Whole Mount Preparation of Mouse Intestine: Using a Simple Gut-incising Device to Prepare Whole Mount

Whole-mount analysis allows the visualization of multi-dimensional tissue cross-sections while preserving the structural interactions between cells and their microenvironment.

To prepare whole mounts of the intestine, begin with a freshly harvested mouse intestine. Remove the mesentery - folds of peritoneal tissue - from the intestine. Flush the intestine with a chilled buffer to remove any fecal matter.

Next, excise the cecum.  Dissect the intestine into equal segments. Make small incisions in the intestinal segments to drain the fluid within them.  

Gently insert a wet stainless-steel rod into the intestinal segments. Now, position these rods into holding slots at the base of the customized gut-incising device. Fit the lid of the device over its base.

Using angled bars on the lid as the guide, longitudinally incise the intestinal segments. Remove the lid from the device. Moisten the segments. Gently roll the rod sideways to release and spread the segments flat.

Immerse the segments in a bath containing a suitable fixative and incubate for the desired duration. The fixative chemically preserves the cellular structure and tissue architecture for subsequent sampling.

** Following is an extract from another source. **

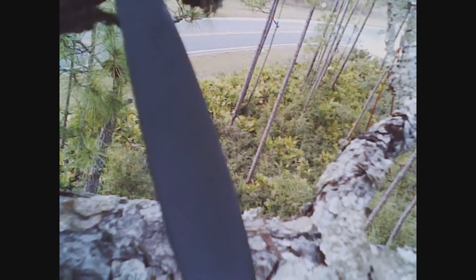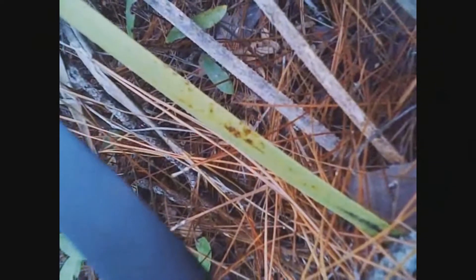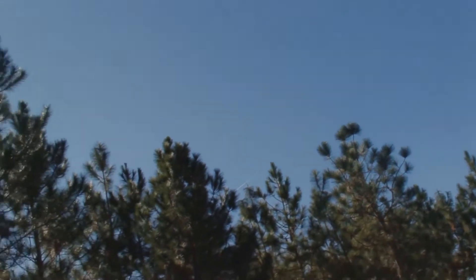Into a tree you go! I got it! Oh, we just broke the wings. Yes, we did.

Following fixation, store the tissue in ethanol until further downstream analysis.

This procedure uses a device consisting of the base that has high elevated strips at each end with grooves to take the rods and the lid. After harvesting the small intestine and colon from an adult mouse, hold the mesentery with curved forceps and gently pull the tissue away from the intestine to remove it. Place a Gilson-type pipette tip, cut at the wider end, onto a 10- or 20-milliliter luer fitting plastic syringe, and rinse the intestines with cold PBS.

After the tissue has been washed, lay out the small bowel and colon on a paper towel, and use scissors to divide the small bowel into three equal sections. Make several very small cuts in the intestinal segments to drain the fluid. Then, place another paper towel over the intestines and gently run a finger over the segments to squeeze out the remaining fluid.

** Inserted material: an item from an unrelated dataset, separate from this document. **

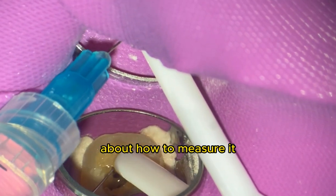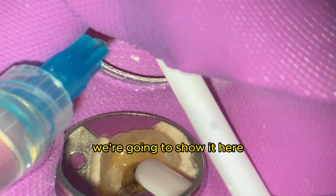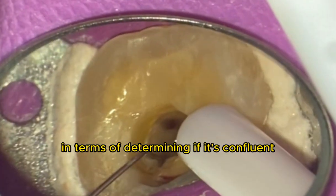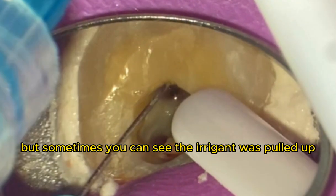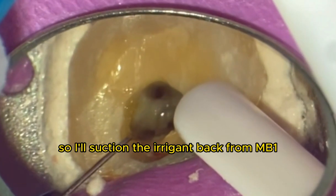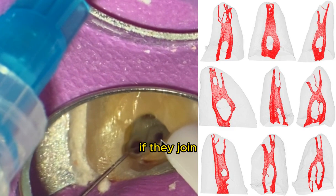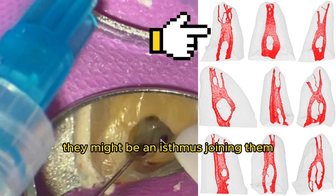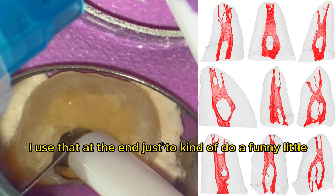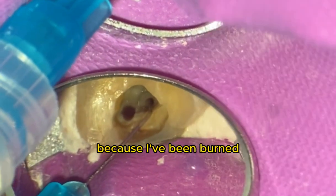You can also do the aspiration test — we'll show it here. It's not 100%; I've been burned by this before in terms of determining if canals are confluent. But sometimes you can see the irrigant being pulled up: I'll suction irrigant back from MB1 and you'll see it come up through MB2. Sometimes if the canals join via an isthmus but their apices are separate, I use that aspiration result at the end just as a feel-good check — but don't rely on it entirely.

Next, blot the preparations dry and gently insert stainless steel rods soaked in PBS into the tissues. Using a pencil, create labels for the segments including the autopsy date, experimental code, and animal identification number. Place the labels in the base of the device. Then, insert the rods and intestines into the slots at the base of the device, taking care that the proximal end of the segments are positioned in a standardized way near the labels.

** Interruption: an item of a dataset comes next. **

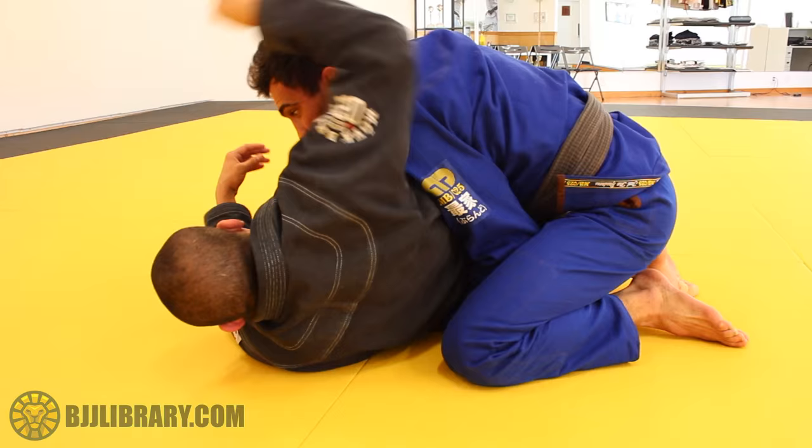Once you're on the side control, I always release. So full speed — let's go full speed.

Now, place the top piece of the device over the base, and use the angled bars to guide a scalpel blade longitudinally through the segments. To keep the tissue in place during the sectioning, carefully hold the segments with a finger so that they do not move with the knife.

After all of the sections have been made, remove the top of the device and use a piece of stiff card to carefully remove the filter paper and the tissues. Using a gloved fingertip dipped in PBS, slightly wet the segments. Gently roll the rod, side to side, to open up the gut and to spread the tissue flat.

The sections will adhere to the filter paper. After visually examining the preparations for any gross lesions, transfer the filter paper to a shallow bath of fixative. When the tissues are fixed, transfer them into 70% ethanol for storage until further downstream analysis.